If there are fundamental barriers, then I expect them to be at least as far above us as we are above chimpanzees because there are no signs that we’re anywhere near as good as it gets. We’re most likely the stupidest possible species capable of nontrivial technology. If we weren’t then we’d have most likely found evidence of earlier, stupider species on Earth that did it before us.
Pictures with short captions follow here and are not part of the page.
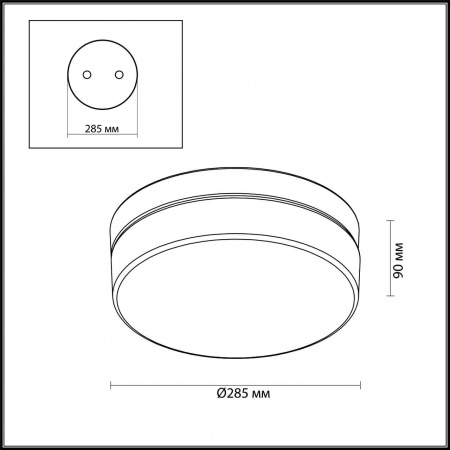 Светильник 4680/18CL Drops OLD20 527  IP44 Led3000K 18w 220v RIMA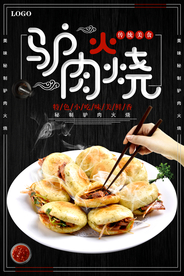 黑色简约驴肉火烧海报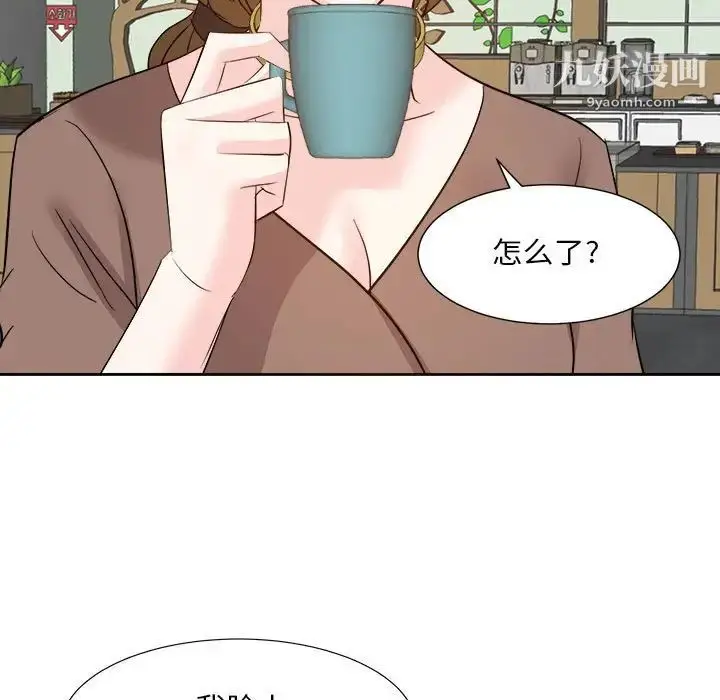 漫画《糖果恋人》第31话第76张图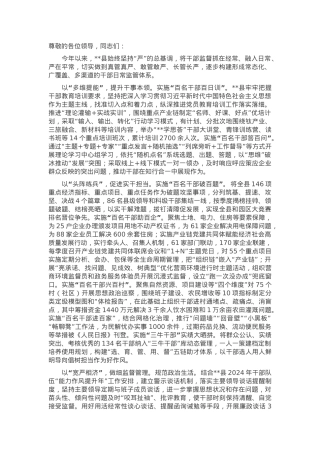 在全市干部日常监管体系建设推进会上的汇报发言.docx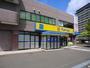 ドラックストア　マツモトキヨシ長町南四丁目店（ドラッグストア）まで550m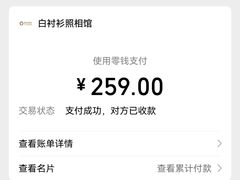 -白衬衫照相馆(五彩店)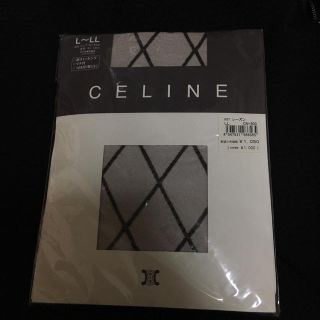 セリーヌ(celine)の【最終値下】セリーヌ ストッキング  (タイツ/ストッキング)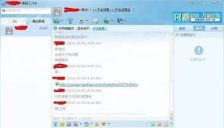 月匣聊天记录如何删除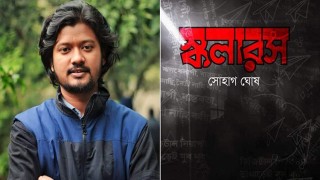 বইমেলায় আসছে সোহাগ ঘোষের ‘স্কলারস’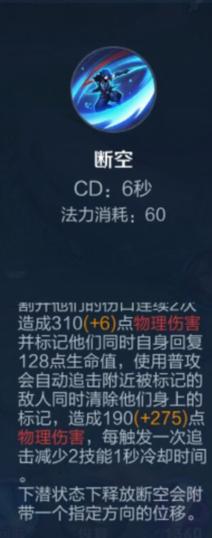 澜新版技能解析：王者荣耀新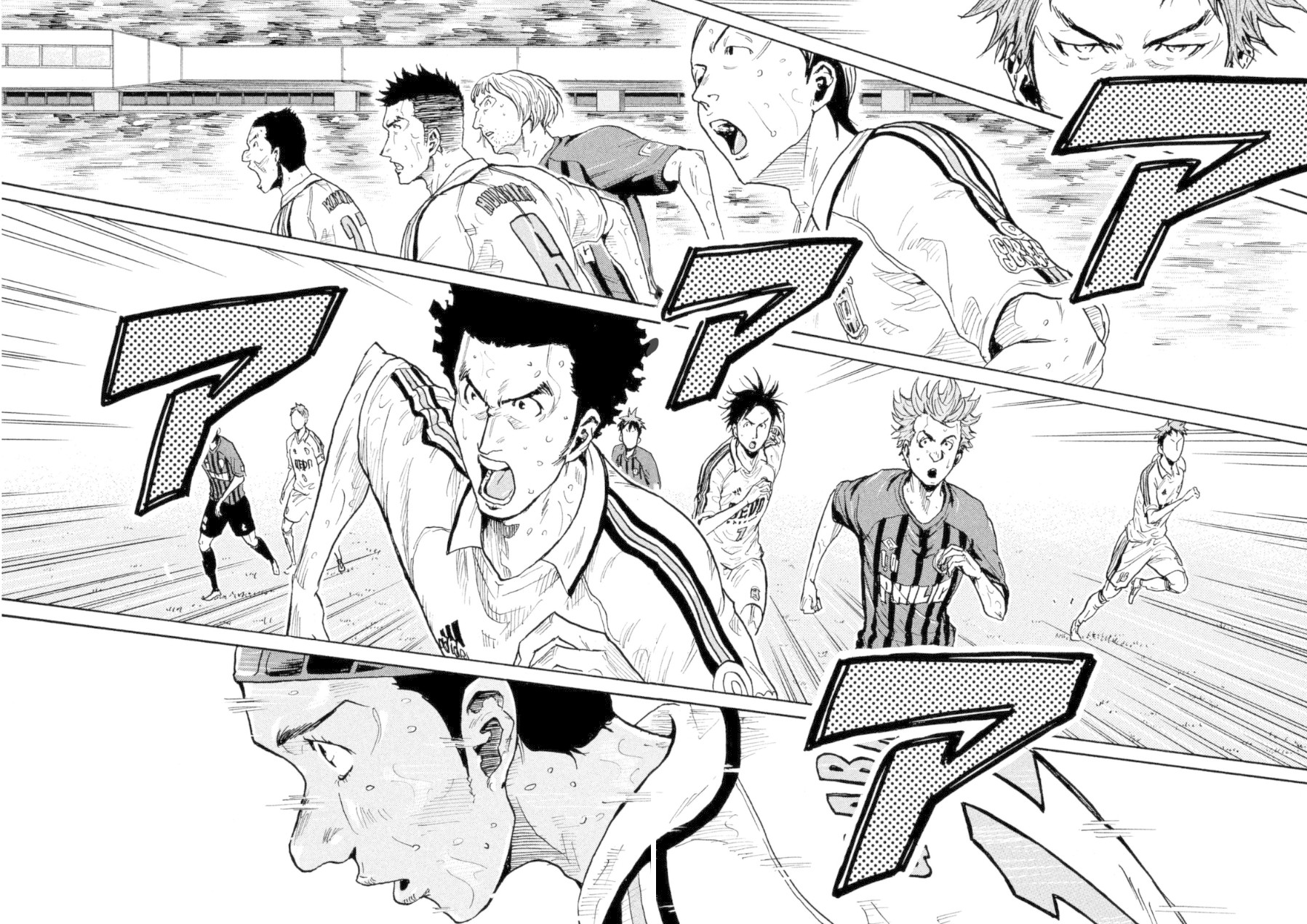 Giant Killing Chapter 339 page 22 - Chapter 339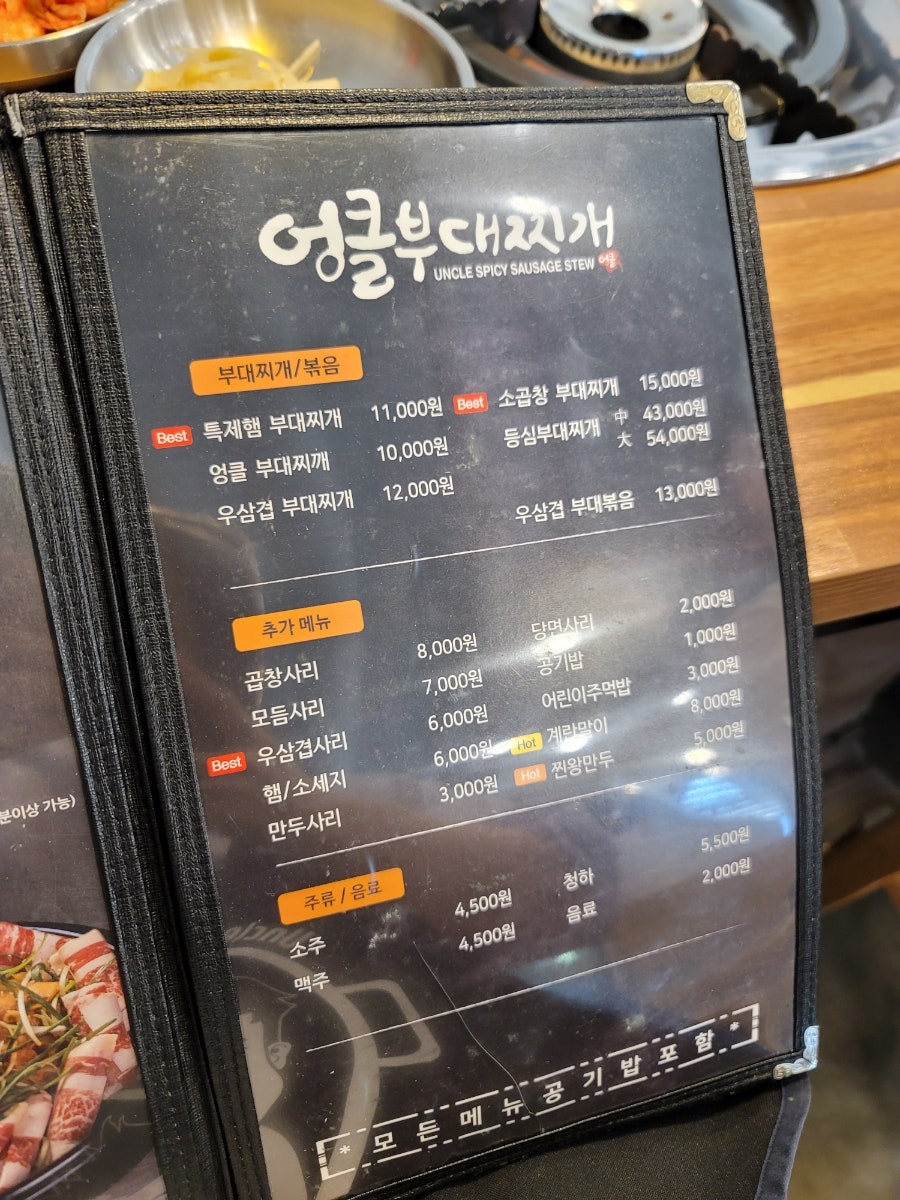 엉클부대찌개 반곡점 사진 4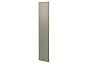 ФФ Фьюжн Silky Grey 225.60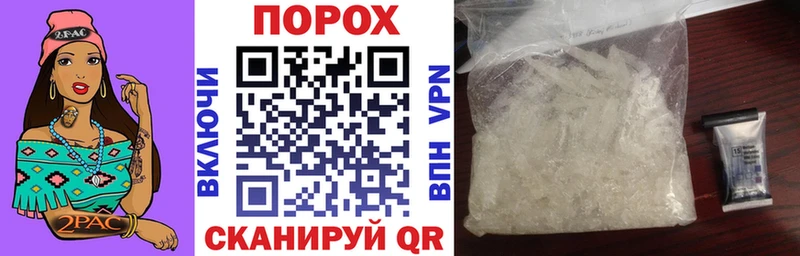 Amphetamine Розовый  Камешково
While I am not certain, I suspect that even otherwise chimpanzee equivalent AGIs enhanced with the narrow superhuman capabilities we have already built today might be able to outsmart us even while being behind us in some ways. While humans too can make use of narrow superhuman AI capabilities, we still have to use them as external tools limited by external interfaces, instead of integrated into our minds from birth and as automatic to us as focusing our eyes. There is every reason to expect that the relative gains would be very much greater.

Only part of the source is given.